3. The use of black and white photography, the Dutch locations, the vast number of people especially in the port sequences, the recreating of the experience of Amsterdam on the eve of its invasion? The atmosphere of war? The importance of the use of popular Amsterdam music? Its being incorporated even into the plot?
4. How strong was the sense of mission, the sense of suspense? The importance of the structure being just the one day? The genuine nature of the mission?
5. How did the film show in detail the atmosphere of May, 1940, the Channel, the Dutch ports and people escaping, the spies, the deserted Amsterdam and the fighting in the streets, the need for diamonds getting out of Holland, sabotaging the oil installations?
6. How real did the mission seem: the hurry, the fact that Holland was so close, the details of the briefing and the clarity of the mission, the use of the destroyer and the trip across, the arrival?
7. How convincing were the three men: their backgrounds, the motives, the risks that they were taking, Dutch patriotism and English loyalty? How convincing were these motivations?
8. The portrait of chaos in Holland, ships, the planes strafing the refugees, the Dutch trying to cope, the decisions?
9. The melodramatics of Anna's car and her becoming the great help for the mission?
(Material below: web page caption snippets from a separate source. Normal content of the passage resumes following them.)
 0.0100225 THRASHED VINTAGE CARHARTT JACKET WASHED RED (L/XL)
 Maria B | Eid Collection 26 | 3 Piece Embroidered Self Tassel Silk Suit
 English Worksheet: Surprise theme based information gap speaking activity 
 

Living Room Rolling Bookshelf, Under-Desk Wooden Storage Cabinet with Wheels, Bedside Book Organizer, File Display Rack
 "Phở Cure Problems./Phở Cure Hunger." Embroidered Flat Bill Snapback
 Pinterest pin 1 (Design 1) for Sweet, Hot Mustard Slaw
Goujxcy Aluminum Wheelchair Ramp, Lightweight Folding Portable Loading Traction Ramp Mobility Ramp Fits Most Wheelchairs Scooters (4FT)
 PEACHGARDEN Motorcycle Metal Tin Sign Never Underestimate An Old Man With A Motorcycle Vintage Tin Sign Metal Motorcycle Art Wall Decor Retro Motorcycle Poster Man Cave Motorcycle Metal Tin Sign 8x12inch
The character of Anna, her background and her job? Her ingenuity in helping, her contacts with the Dutch War Office? Her helping then throughout the day?
10. The central focus on the jewellers, the father, his explanation of the problem to the men with the industrial diamonds, the background to their decisions, the risks, especially for Jews and concentration camps? Their motivation in sending the diamonds to England? The melodramatics of blowing the vault to get all the diamonds?
11. The details of Anna helping them, during the day, interrogations, the car chase, the shooting and the death of the lieutenant? The boy whose parents had been killed?
12. The melodramatics of the major, his delivering the explosives, his being followed, getting the explosives men to help with the vault, the final blowing up of the oil supplies?
13. The importance of Anna's decision to stay?
14. The atmosphere of hope, the sense of achievement, the atmosphere of patriotism? Why was this film made in the late fifties? Its impact then? Now?